┌────────

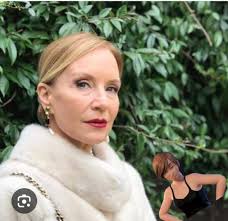 Mistletoe Adverts and Christmas Tradition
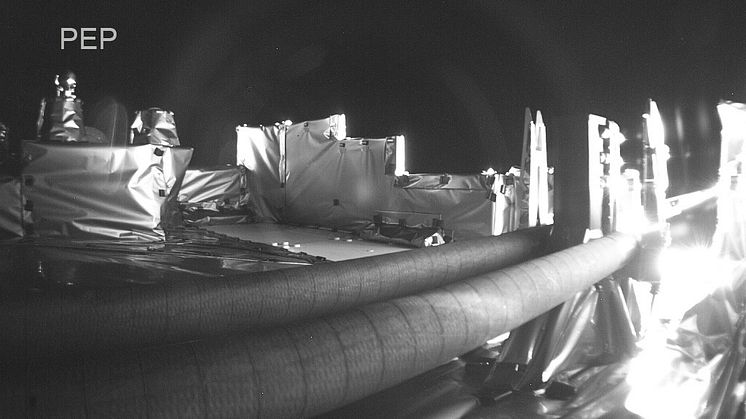 Foto av instrumentet PEP (här är tre av sex sensorer synliga (NIM, JNA och JEI) – taget av kameran ombord på ESA:s rymdsond Juice. Bildcred: ESA/Juice/JMC, CC BY-SA 3.0 IGO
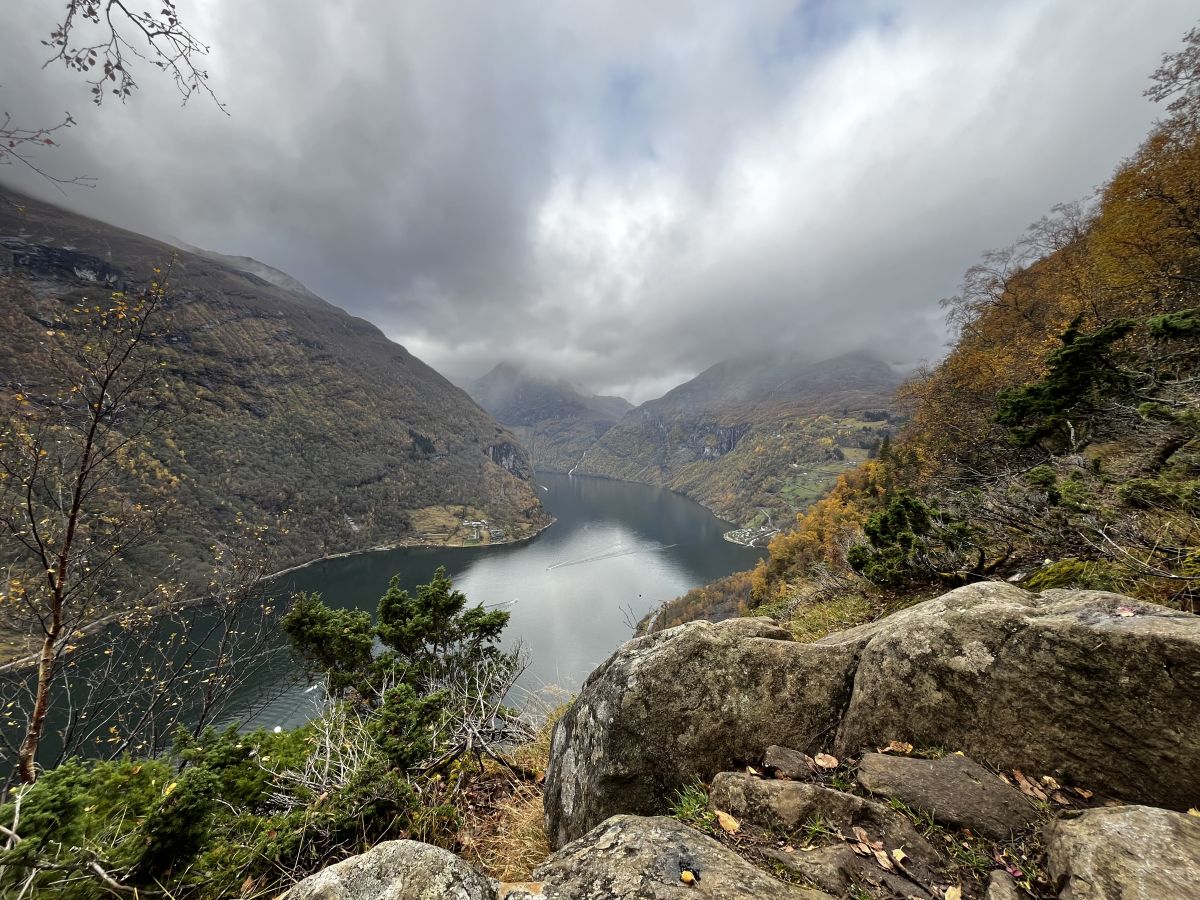 Ausflugsfoto - in Geirangerfjord - Norwegen - Nordeuropa - Kreuzfahrt mit AIDAprima - 2025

└────────

Pictures are to be left out, and each line from the one that contains "Foto av instrumentet" through the end of the listing is to be copied exactly.

 Foto av instrumentet PEP (här är tre av sex sensorer synliga (NIM, JNA och JEI) – taget av kameran ombord på ESA:s rymdsond Juice. Bildcred: ESA/Juice/JMC, CC BY-SA 3.0 IGO
 Ausflugsfoto - in Geirangerfjord - Norwegen - Nordeuropa - Kreuzfahrt mit AIDAprima - 2025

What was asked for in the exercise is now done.